Saturday, May 20, 2017

This Week in Texas Methodist History May 21



Methodists Organize in Bastrop, Spring, 1833

(presented without comment)

Source:   In The Shadow Of The Lost Pine
A HISTORY OF BASTROP COUNTY AND ITS PEOPLE

Bastrop Methodist Church
Oldest In Southwest Texas
By Lucy R. Maynard
(Oct. 14, 1952)
   In studying the early cultural activities of people living at this place on the Colorado River, we read:
   “A party was usually an all-night affair since it was dangerous for the guests to return to their homes after dark. Mrs. Josiah Wilbarger Chambers recalled one such celebration which she said took place in Bastrop in the early 1830’s. A priest from San Antonio mission came to perform religious ceremonies for twenty-five couples who had been married by common contract. The wedding and the subsequent celebration took place in a two-story house in the southern part of the town which was a combination dance hall, courthouse and meeting house. After the ceremony, a feast was spread and the settlers made merry until daylight.”
   In 1832, James Gilliland moved to a place on the Colorado thirteen miles below Austin and built Moore’s Fort, about where Webberville is now. Gilliland was a Methodist exhorter and though not a licensed preacher, spent his free time riding bout the countryside gathering people together for religious services, and we read:
   “This lay preaching of Gilliland took him to the little settlement of Bastrop one Sunday morning in the spring of 1833. A meeting was held in the incomplete storehouse of Jesse Holderman. Planks were placed on boxes or kegs for seats and a barrel was used as a pulpit. On that memorable Sunday morning the first Methodist Church within the bounds of what is now our Conference was organized.

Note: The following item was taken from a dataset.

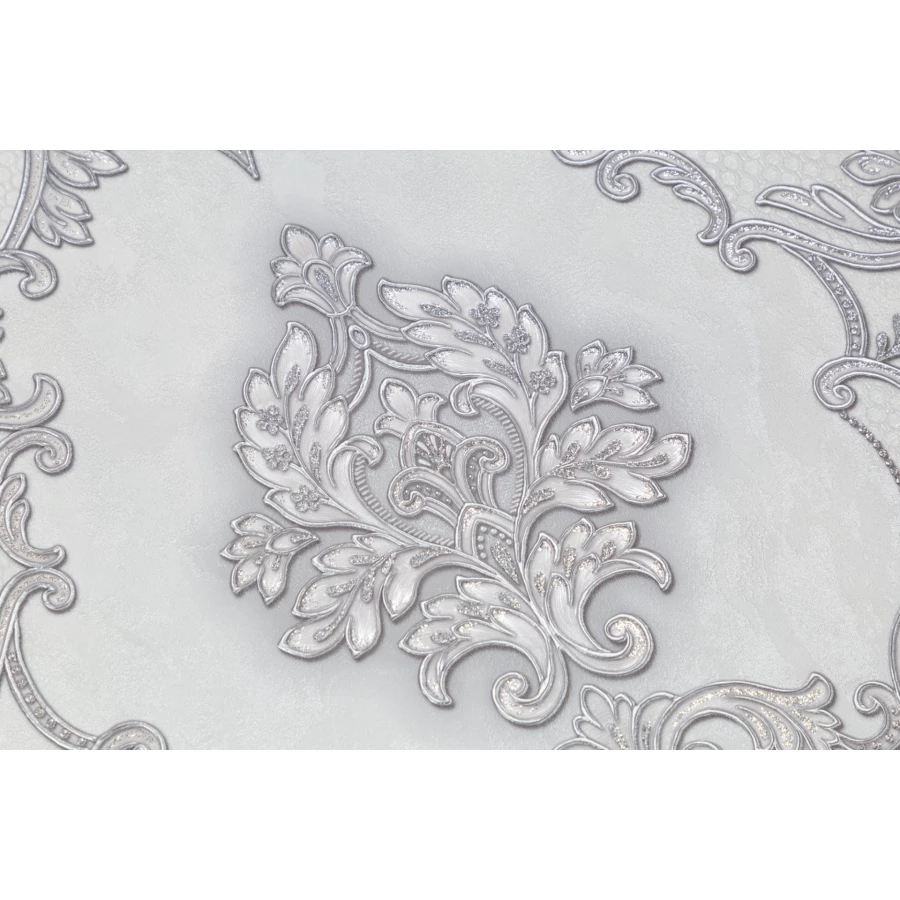 Обои флизелиновые Palitra Life Italian Dream серый PL72223-14 1,06х10,05 м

The white people, Mr. and Mrs. C. Anderson, Mr. and Mrs. Boyce, Mr. and Mrs. Delaplane, Mr. and Mrs. Brisband, Mrs. Sara McGehee, Mrs. Christian, and one Negro woman, Cecelia Craft, who belonged to Mrs. Samuel Craft, of Craft’s Prairie, became the charter members.”
   One account says that the brother of Mrs. Harriet Taylor (daughter of Samuel Craft of Craft’s Prairie) arrived home one Saturday saying that church services were to be held the next day in Bastrop. Mrs. Taylor and her brother rode in on horseback to the meeting. However, their names do not appear on the roster. Cecilia Craft was probably the maid who accompanied Mrs. Taylor.
   How often this group held services we do not know, because at that time, Protestant religious services were illegal and strictly forbidden. The Roman Catholic Church was the only religion permitted by the Mexican Government.